Japanese whalers yesterday celebrated what they described as a court victory in the US to end years of high seas clashes with anti-whaling group Sea Shepherd, which immediately vowed to fight on.
The arch enemies have waged a legal and public relations battle as Sea Shepherd has sought to disrupt an annual whale hunt in the Antarctic that Japan defends as scientific research.
However, the settlement between the US-based Sea Shepherd Conservation Society and Japan’s whaling body is unlikely to end the dispute as operations in Antarctic waters are mostly carried out by Sea Shepherd Australia, which does not come under the ruling.
Yesterday, the Institute of Cetacean Research and Kyodo Senpaku — key players in Japan’s whaling industry — announced a legal settlement that would bar the US group from attacking whaling ships or funding such activities.
The parties involved “successfully resolved the dispute through mediated negotiations earlier this month”, it said.
But Sea Shepherd played down any suggestion of a global agreement, saying the settlement only applied to its US arm and that other branches, including its Australian 
office, would keep fighting.
“The ruling in the US courts affects only our US entity,” the group’s global chief executive Alex Cornelissen said in a statement.
“Sea Shepherd Global and all other entities around the world, other than the USA, will continue to oppose the illegal Japanese whaling in the Antarctic,” it added.
The whaling institute insisted the settlement would act as a deterrent to “some extent” by choking off funding by the group’s US arm.
The announcement comes after a US court issued a preliminary injunction against Sea Shepherd in late 2012, ordering it to steer clear of the whaling ships.

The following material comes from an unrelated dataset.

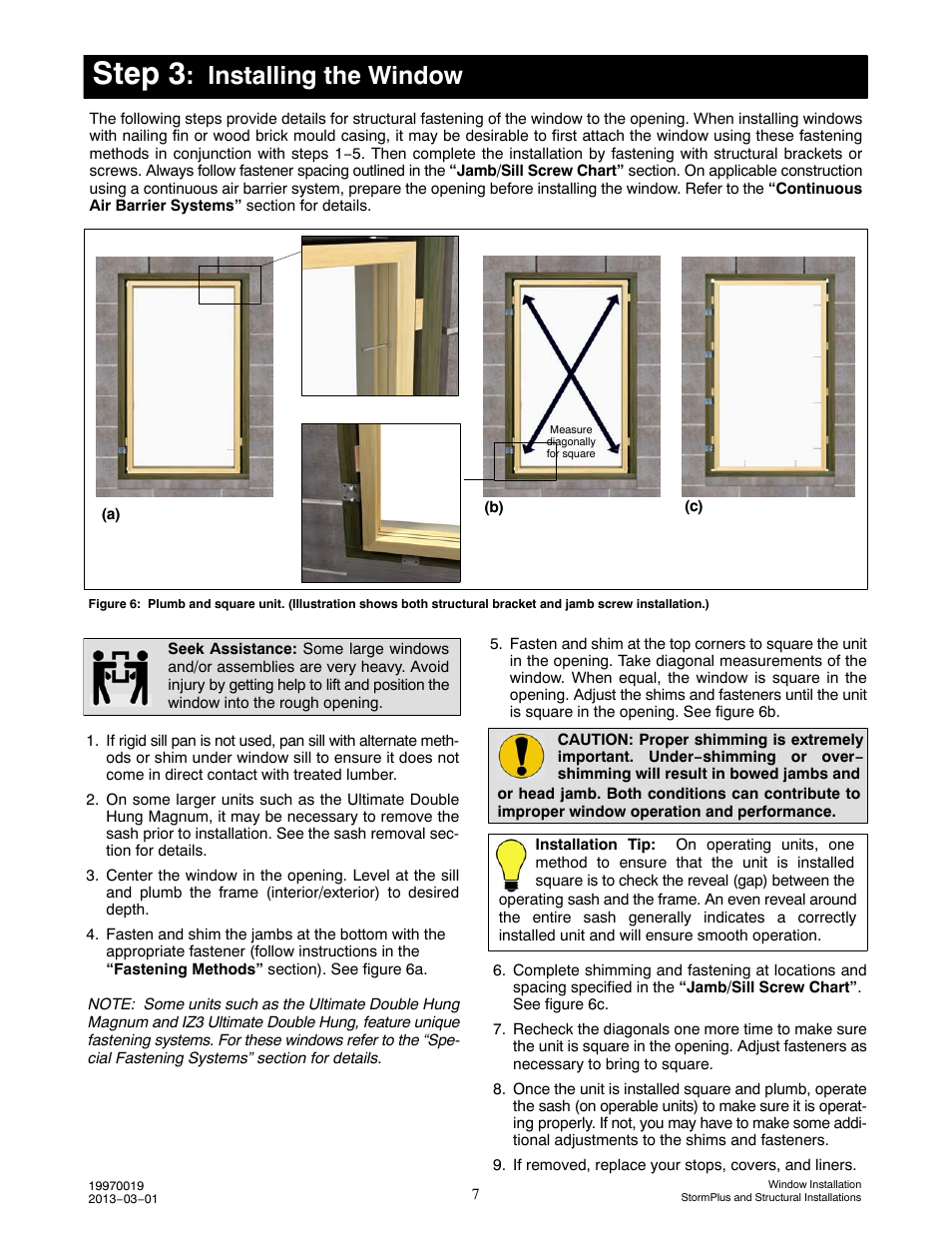 Step 3, Installing the window | Marvin Window User Manual | Page 8 / 17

Last year, the group agreed to pay $2.55mn to Japanese whalers for breaching the earlier court order.
Japan initiated the legal battle after several hunts in which the anti-whaling activists pursued the fleet for months in the icy waters near Antarctica, seeking to stop the slaughter.
Activists harassed whalers with paint and stink bombs, rammed their ships, and snared ship propellers with ropes.
Japan claims it conducts vital scientific research using a loophole in an international whaling ban, but makes no secret that the mammals ultimately end up on dinner plates.
It was forced to call off the 2014-2015 hunt after the United Nations’ top court, the International Court of Justice, ruled in 2014 that its annual mission to the Antarctic was a commercial hunt masquerading as science.
The hunt resumed at the end of 2015, with the fleet returning to Japan in March of this year after having killed more than 300 of the mammals.